Camping Miramare

Campeggio Miramare, Punta Sabbioni, Venezia

A quiet, cozy little campground across from the beach and a vaporetto ride away from downtown Venice

Camping Miramare, Punta Sabbioni, Venezia

Yes, you can camp in Venice! Or at least, you can camp on Punta Sabbioni, one of the long barrier islands between the open Adriatic Sea and the Venetian lagoon (like the famous Lido—in fact, it's the next one up from the Lido in the chain of islands).

It's actually quite a nice little seaside campground.
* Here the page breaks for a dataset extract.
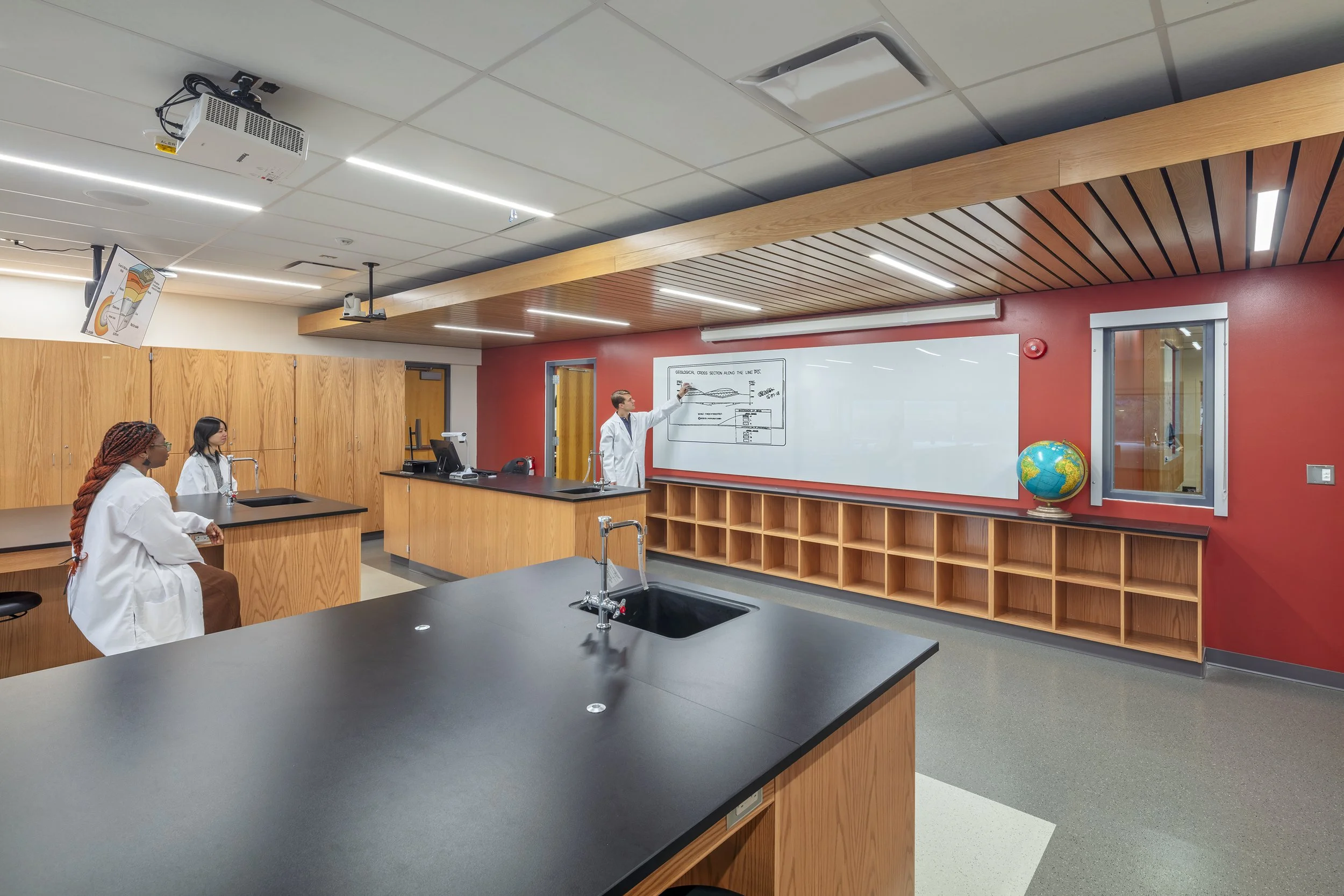 Science laboratory classroom with demonstration stations, lab sinks, integrated technology, and wood cabinetry.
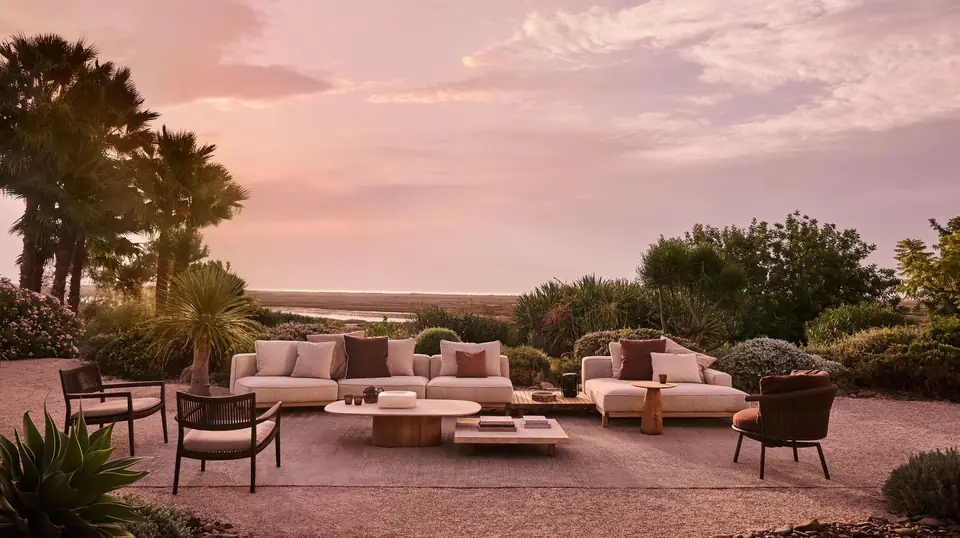 Tribù Vis à Vis modular sofa and daybed on teak bases with travertine low tables at sunset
You can sit out on the beach across the road and watch the sunsets, and there's a decent pizzeria-bar and an Internet point.

There are also free bikes for guest use, a free shuttle to the beach, and a free ferry shuttle to the Piazzale on Punta Sabbioni (or a ten-minute walk) from whence you can catch a vaporetto ferry to downtown Venice in about 40 minutes, or out to Burano and the other outlying islands.

The campground offers both tent and campervan sites (from €21.50 to €36 for two) and bungalows (€32 to €78 for up to four or five people, with a 3-4 night minimum stay, depending on season).

It stays open from early April (or the weekend before Easter) through the first Sunday in November.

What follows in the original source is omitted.